In a fascinating post on ‘Translation as Americanization’ on the ‘Words without Borders’ forum, Professor Lawrence Venuti suggests that…:
Translation is driven by a domesticating impulse. Every step in the process of publishing a literary translation is decisively shaped by what is intelligible and interesting to the receiving culture. The very choice of a foreign work, the strategies used to translate it, the ways it is edited and promoted answer to the receptors’ values, in the end, not to those of the foreign culture. If a foreign work isn’t likely to make sense to readers of the translation, if it might conflict with their cherished ideas or beliefs, it is usually not translated, or it is translated and published so as to be acceptable. Often foreign works are chosen for translation simply because they stand to be recognizable to readers.
The discernible tone of frustration here causes me to wonder where this leaves we publishers who seem to be fighting a very lonely battle to bring foreign fiction to the fore in the British literary scene. As was highlighted in Katya’s now much publicised ‘rant’ of a few weeks ago, very few publishers are prepared to stick their necks out in publishing ‘the author with the funny name’. While, from an academic perspective, I appreciate Professor Venuti’s viewpoint, on a more pragmatic level, surely in order to make these operations viable at all in the current publishing climate, there needs to be some concession to what is ‘recognizable to readers’…?
Does anyone have any views on this? Anyone particularly object to the ‘naturalisation’ or ‘domestication’ of their translations? Or see any way for publishers to please those on all sides of the argument?
ER
I don’t have answers for you, but I have been thinking about this, as I just finished reading Rilke’s Duino Elegies, and I found the translation I have by David Young to be a little hard to piece together and some other translations I found online to be easier to follow. But I wondered as I read whether the Young translation follows the original more faithfully. I DO want to get a sense of what the original is like, even if it’s challenging.
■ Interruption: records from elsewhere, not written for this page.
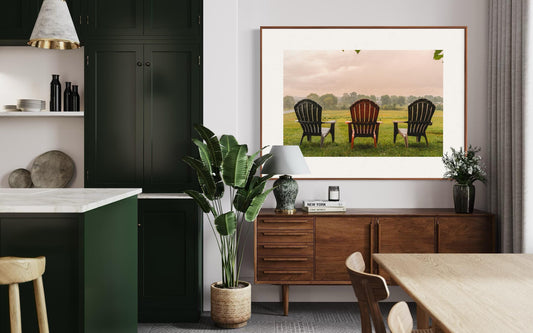 Fine Art Print - Rustic Farmhouse Wall Art Adirondack Chairs, Barn Decor, Country Side Wall Art, Farm Wall Art, Nature Wall Decor, Rustic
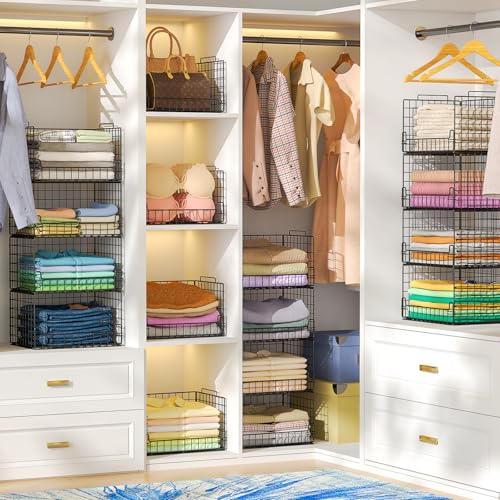 6-Tier Stackable Closet Organizers and Storage Basket - Foldable - Image 7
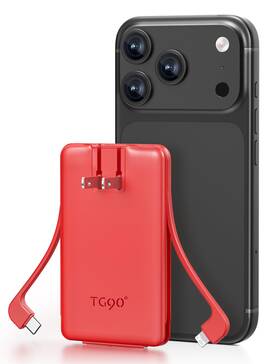 Tg90 755752185900 5000mah Mini Power Bank Built-in Ac Wall Plug And Cables Red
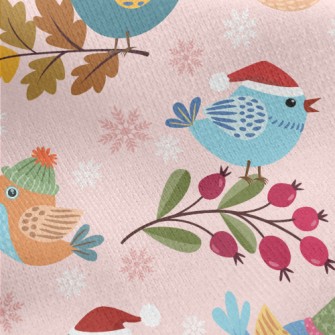 Bird Wearing Santa Hat Jersey Backed Fleece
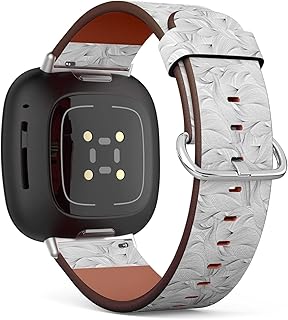 CJBROES Replacement Leather Watch Band, Compatible with Fitbit Versa 3 and Fitbit Sense of Wristband Bracelet Accessory - White Grey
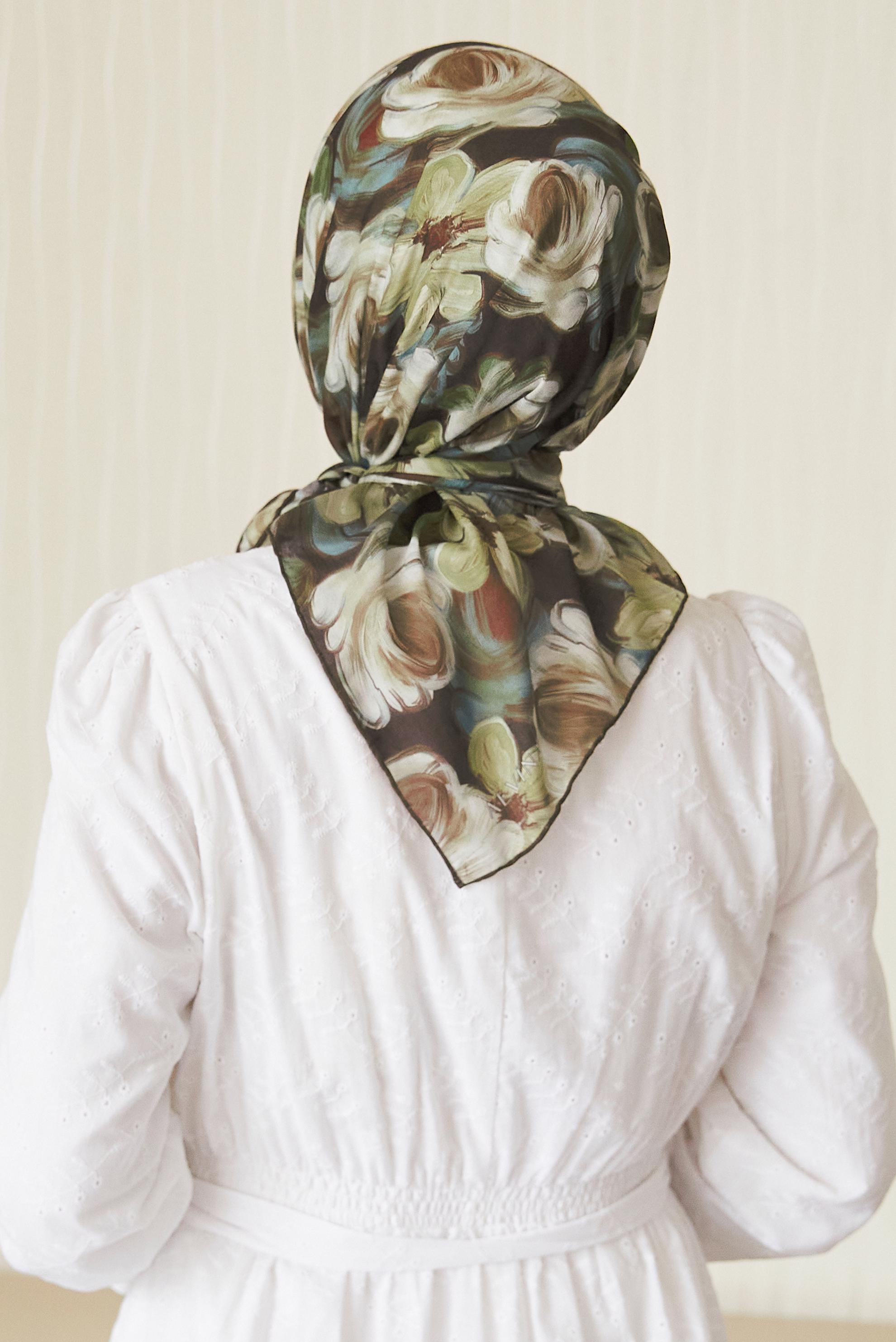 Vêtements hijab KAKI ÉCHARPE NATUREL À MOTIFS ALVINA 8636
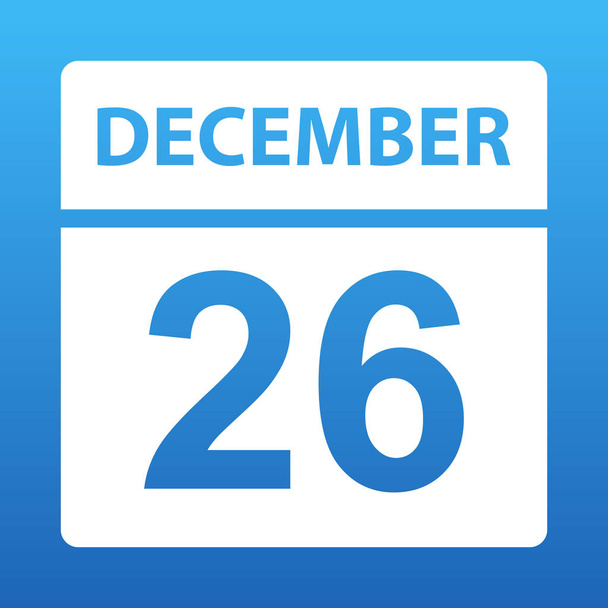 26. prosince. Bílý kalendář na barevném pozadí Den v kalendáři. Dvacet šestý prosince. Vektorová ilustrace. - Vektor, obrázek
I suppose what I most care about is having the translations available, but after that, I’d prefer to read something difficult that captures the original well rather than a translation that is more focused on being accessible.
I have given a fair amount of thought to this quite recently, as domestication and foreignization was the subject of my master’s thesis, completed in December ‘06. It is certainly a thorny problem. One admittedly evasive position, which nevertheless appeals to me, is expressed by Robert Chandler that appears in the introduction to his translation of Soul, by Andrey Platonov: translation theories can only be posited “provisionally, with regard to a particular work, a particular paragraph, a particular sentence” (xix).
On a more concrete level, I formulated in my thesis a set of guidelines for my particular work in progress, a translation of the boyhood memoirs of Tajik folklorist Rajab Amonov. In sum, I concluded that “a sound guiding principle would seem to be to use foreignizing strategies (described in detail below [in my thesis]) when the expression in question is distinctive enough to draw attention to itself as a Tajik phenomenon, not simply an awkward translation, but the result is sufficiently comprehensible not to require a lengthy explanation that would interrupt the discourse.” Of course, all this is still in the realm of theory, since my incomplete manuscript has neither been published nor read by many English speakers as yet. I did, however, receive a grant for the project, so I hope this indicates that I am on the right track.
I discuss Chandler’s translations of Soul and The Railway, by Hamid Ismailov in my blog, http://birdsbooks.wordpress.com, and would welcome further discussion.
Thanks so much to both of you for your thoughts. I have to say, Dorothy, that I would probably fall in with you in preferring the more challenging read, but I think we may be in the minority. Perhaps I’ll stand next to the tills in my local Waterstone’s and conduct a poll of everyone I see buying translated fiction. Perhaps not.
Jamela, I found your ideas fascinating, and was particularly struck by the Robert Chandler quote you use. Never having done any translation myself (bar a few hundred words of drivel for A-Level French), I’m at a loss to fathom how anyone can undertake such a challenging task, let alone with the added imposition of stringent guidelines. I’ve added your blog to our blogroll and wish you every success with your manuscript!